Así que lo ha que ocurrido con el policía autónomo no es un fraude de ley ni nada parecido. Tan legítimo –desgraciadamente– fue que unas indeseables ministras hicieran este bodrio legal que el hecho de que ahora sea un ciudadano el que se acoja a ese derecho civil que le salve de una condena mayor por maltratar a su mujer e hijas. Este caso se suma a otro en Sevilla, esta vez con un hombre perseguido y condenado por la justicia por violencia machista. Así que los juzgados de violencia de género de la capital hispalense decidieron inhibirse porque el caso ya no puede ser considerado como tal. ¿Se pueden haber hecho peor las cosas y con más graves consecuencias? ¿Se puede ser más ignoto que Irene Montero, también en cuestiones jurídicas? No.

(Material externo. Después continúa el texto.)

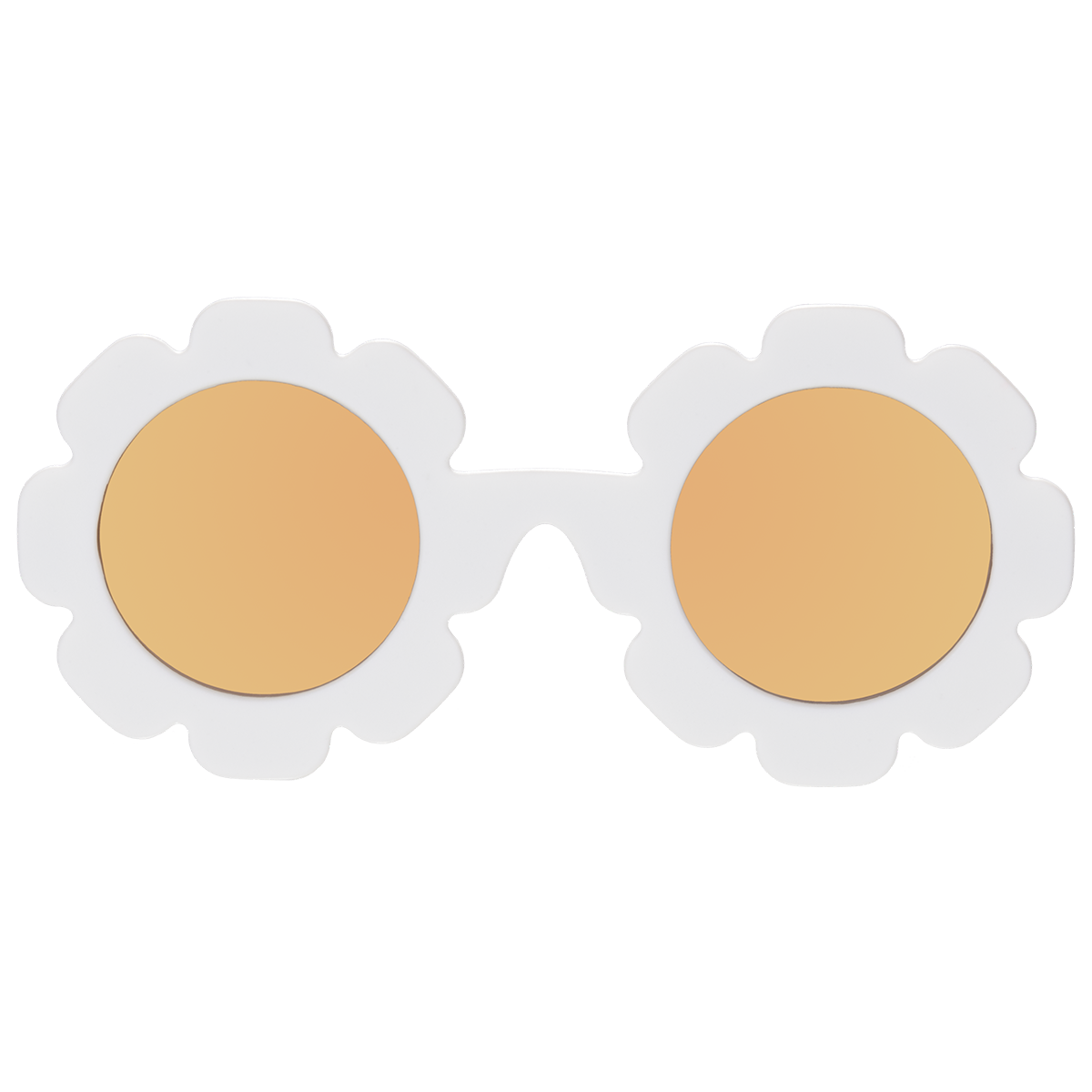 The Daisy- Polarized with Mirrored Lenses Babiators Sunglasses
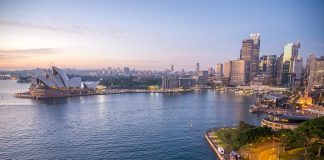 Orasul Sydney: Obiective turistice Australia – Sydney Sydney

Ana Redondo, la sucesora de Irene, mira al tendido cada vez que se le pregunta al respecto (poco, porque le ha costado sacudirse la arena de la playa este verano). Habla de «fraude de ley». Pero a ver quién demuestra esa estafa cuando el que cambia de sexo dice sentirse mujer y su voluntad está por encima de la opinión de los científicos, los jueces, los juristas y… del sentido común. El dogmatismo de estas iletradas les ha ensuciado el alma y colocado unas anteojeras que hacen imposible cualquier entendimiento. Solo por esto merecería alguna –o alguno– ser procesado.